Perdonen. No quiero dármelas de experto en economía, ciencia o técnica de la que no tengo ni remota idea. Intento describir el mecanismo retórico a través del cual la razón económica ha secuestrado la razón política. De repente nos hemos despertado en un mundo en el que la lógica del dinero avanza completamente autónoma, sin frenos, sin cortapisas, destrozando, como saben en Galicia, todo lo que encuentra a su paso. Explica este diario, por ejemplo, que los eurócratas son más rigurosos en su imposición de la ortodoxia que sus colegas norteamericanos. Y nadie, absolutamente nadie, parece preguntarse cuáles son los argumentos democráticos que permiten a dichos eurócratas condicionar la política social de los Estados de la unión. Los costes del catecismo neoliberal son visibles. El precio de la vivienda está por las nubes, el trabajo se está volviendo precario a ojos vista. Los jóvenes se han acostumbrado a vivir a salto de mata. Los cuarentones empiezan a sentir el frío en el cogote.
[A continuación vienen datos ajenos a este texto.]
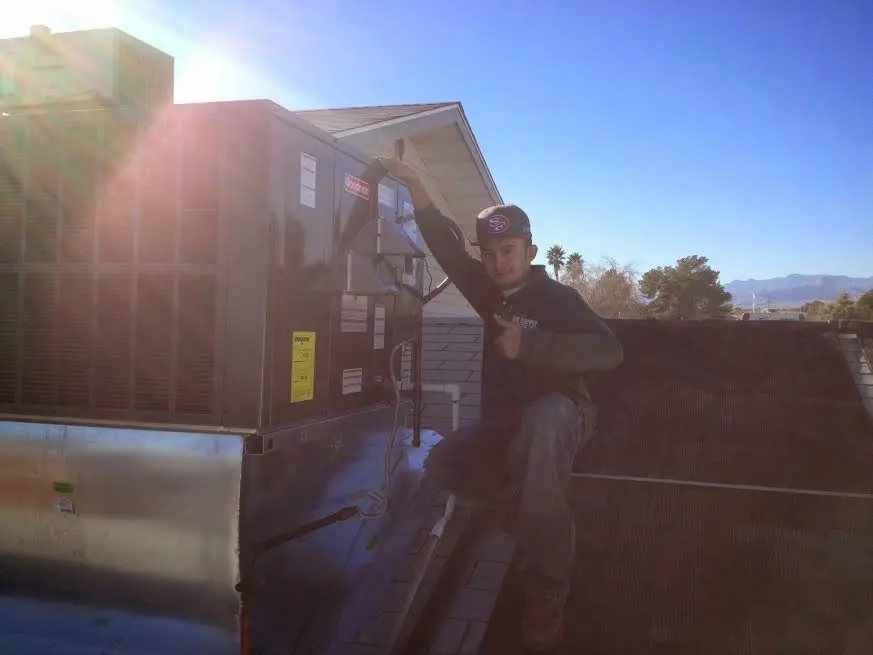 HVAC technician performing Air Duct Cleaning on a rooftop unit in Fleming Island
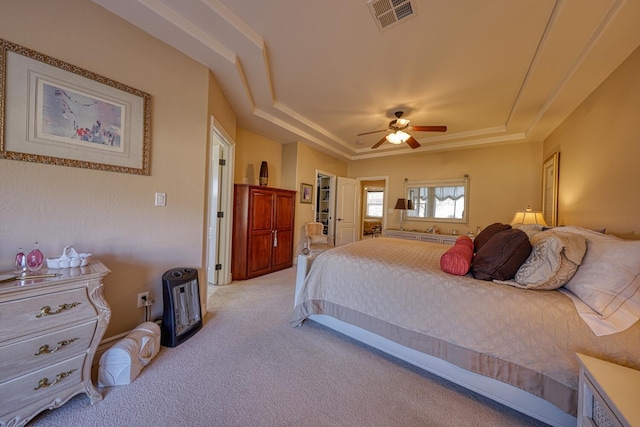 carpeted bedroom featuring ceiling fan and a tray ceiling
El matrimonio Aznar es un exponente modélico de esta extraña mezcla de liberalismo y populismo que ha alimentado desde siempre a los conservadores norteamericanos. Ana Botella renueva con el espíritu enérgico de las metodistas el melindroso ánimo de las señoras hispánicas que tomaban chocolate en el salón con el barrigudo consiliario de las conferencias de san Vicente de Paúl. Por su parte, Aznar no necesita a un neofascista como Fini para complementar su perfil, como le sucede a su compinche Berlusconi. No lo necesita porque él es Fini. Lo era cuando escribía sus artículos en el Logroño de la transición y lo es cosquilleando el lado oscuro de las clases medias, jugando a confundir inmigración y delincuencia, avanzando, piano, piano, hacia la pena capital, estimulando la desconfianza, el miedo y la histeria de la población, a la que bombardea cada día con sus severas proclamas de ley y orden. Agitando el fantasma de la delincuencia, masajeando las vísceras patrióticas y simplificando las causas de la inseguridad, Aznar consigue apuntalar un proyecto económico que produce una enorme inseguridad laboral y ecológica, que favorece la aparición de la delincuencia y contribuye a descontrolar las corrientes migratorias. Con sutil parodia, Josep Ramoneda ha descrito el último sprint de Aznar como "el viaje al centro penitenciario". Esperar que un desgraciado accidente ecológico nos libre de tan siniestro viaje parece cuando menos ingenuo: cuando el populismo muerde carne fresca, no acostumbra a ceder la presa. Habrá que hacerle frente con gran energía política. No con prudente seguidismo, sino, como el proyecto barcelonés de vivienda, dando enérgicas respuestas políticas al malestar social.